Niente da segnalare ragazzi. Solo una delle cinque incisioni si è riaperta, ma niente di grave. Ho sempre difficoltà a dormire ma per fortuna esiste il caffè! Allo stesso tempo continuo assiduamente con gli esercizi.

Il dolore alla gamba persiste, sopratutto la parte interna verso il menisco.

Giorno 15: il giorno del giudizio!

E’ arrivato il grande giorno: finalmente ho appuntamento con il chirurgo.

Una volta arrivata in ospedale mi fanno entrare in una stanza, e l’infermiera inizia ad “analizzare la situazione”.
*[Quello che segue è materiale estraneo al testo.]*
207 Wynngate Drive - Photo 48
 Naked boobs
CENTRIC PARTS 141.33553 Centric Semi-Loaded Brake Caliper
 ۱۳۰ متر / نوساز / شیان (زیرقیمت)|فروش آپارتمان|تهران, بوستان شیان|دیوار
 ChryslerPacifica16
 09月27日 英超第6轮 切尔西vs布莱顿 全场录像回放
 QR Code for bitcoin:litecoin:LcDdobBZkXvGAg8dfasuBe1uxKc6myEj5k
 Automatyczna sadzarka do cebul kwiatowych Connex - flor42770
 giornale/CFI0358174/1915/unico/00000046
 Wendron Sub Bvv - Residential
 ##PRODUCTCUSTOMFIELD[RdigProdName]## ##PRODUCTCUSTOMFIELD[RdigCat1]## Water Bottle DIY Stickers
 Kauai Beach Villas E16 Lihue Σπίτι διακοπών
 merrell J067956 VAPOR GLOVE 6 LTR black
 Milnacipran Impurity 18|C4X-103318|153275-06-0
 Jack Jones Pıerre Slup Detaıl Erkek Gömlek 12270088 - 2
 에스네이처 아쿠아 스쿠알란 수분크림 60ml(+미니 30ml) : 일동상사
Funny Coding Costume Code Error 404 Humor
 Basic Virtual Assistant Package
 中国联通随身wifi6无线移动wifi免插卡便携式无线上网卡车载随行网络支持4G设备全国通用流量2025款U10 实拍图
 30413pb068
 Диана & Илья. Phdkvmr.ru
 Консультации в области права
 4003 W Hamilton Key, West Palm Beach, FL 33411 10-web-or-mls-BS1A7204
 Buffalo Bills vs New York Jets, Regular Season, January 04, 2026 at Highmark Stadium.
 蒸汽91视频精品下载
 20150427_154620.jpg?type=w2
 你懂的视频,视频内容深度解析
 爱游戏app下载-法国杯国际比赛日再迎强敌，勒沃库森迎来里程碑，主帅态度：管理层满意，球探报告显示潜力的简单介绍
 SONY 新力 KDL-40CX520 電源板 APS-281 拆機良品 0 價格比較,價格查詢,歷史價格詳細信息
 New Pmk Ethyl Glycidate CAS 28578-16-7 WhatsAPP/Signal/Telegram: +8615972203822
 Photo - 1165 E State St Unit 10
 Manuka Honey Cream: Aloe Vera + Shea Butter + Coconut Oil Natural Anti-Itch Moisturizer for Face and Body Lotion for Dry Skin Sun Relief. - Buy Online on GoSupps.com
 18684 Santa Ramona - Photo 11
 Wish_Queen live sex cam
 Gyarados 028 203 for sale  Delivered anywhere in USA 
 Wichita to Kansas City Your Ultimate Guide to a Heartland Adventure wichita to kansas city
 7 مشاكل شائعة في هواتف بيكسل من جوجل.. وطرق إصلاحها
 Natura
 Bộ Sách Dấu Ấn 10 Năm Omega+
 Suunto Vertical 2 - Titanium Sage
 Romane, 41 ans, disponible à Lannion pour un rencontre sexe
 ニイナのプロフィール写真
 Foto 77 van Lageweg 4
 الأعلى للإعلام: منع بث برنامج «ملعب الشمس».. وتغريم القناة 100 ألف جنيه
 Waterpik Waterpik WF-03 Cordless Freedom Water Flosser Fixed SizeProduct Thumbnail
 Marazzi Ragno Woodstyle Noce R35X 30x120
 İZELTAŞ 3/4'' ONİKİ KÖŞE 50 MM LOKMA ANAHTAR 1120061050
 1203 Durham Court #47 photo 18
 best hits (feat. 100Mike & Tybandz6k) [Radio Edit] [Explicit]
Apparentemente tutto normale, solo che trova strano il fatto che abbia avuto cosi’ male fino ad arrivare al pronto soccorso.

Arriva finalmente il chirurgo e mi spiega che alcune persone sopportano benissimo gli antidolorifici. E oltre l’allergia agli antiinfiammatori ci voleva anche questa. Mi esamina il ginocchio.

Apparentemente tutto bene, anzi meglio di ciò che sperava! Ha detto di avermi messo la pressione con gli esercizi ma per la buona causa. La maggior parte dei pazienti al giorno 15 non riesce a piegare il ginocchio a 90°… E ce l’ho fatta! Uff.

Un sollievo.

Mi dà ancora un altro mese e mezzo di malattia e mi dice che ora è arrivato il momento della fisioterapia.

Incomincio lunedì, ma il momento più duro è passato.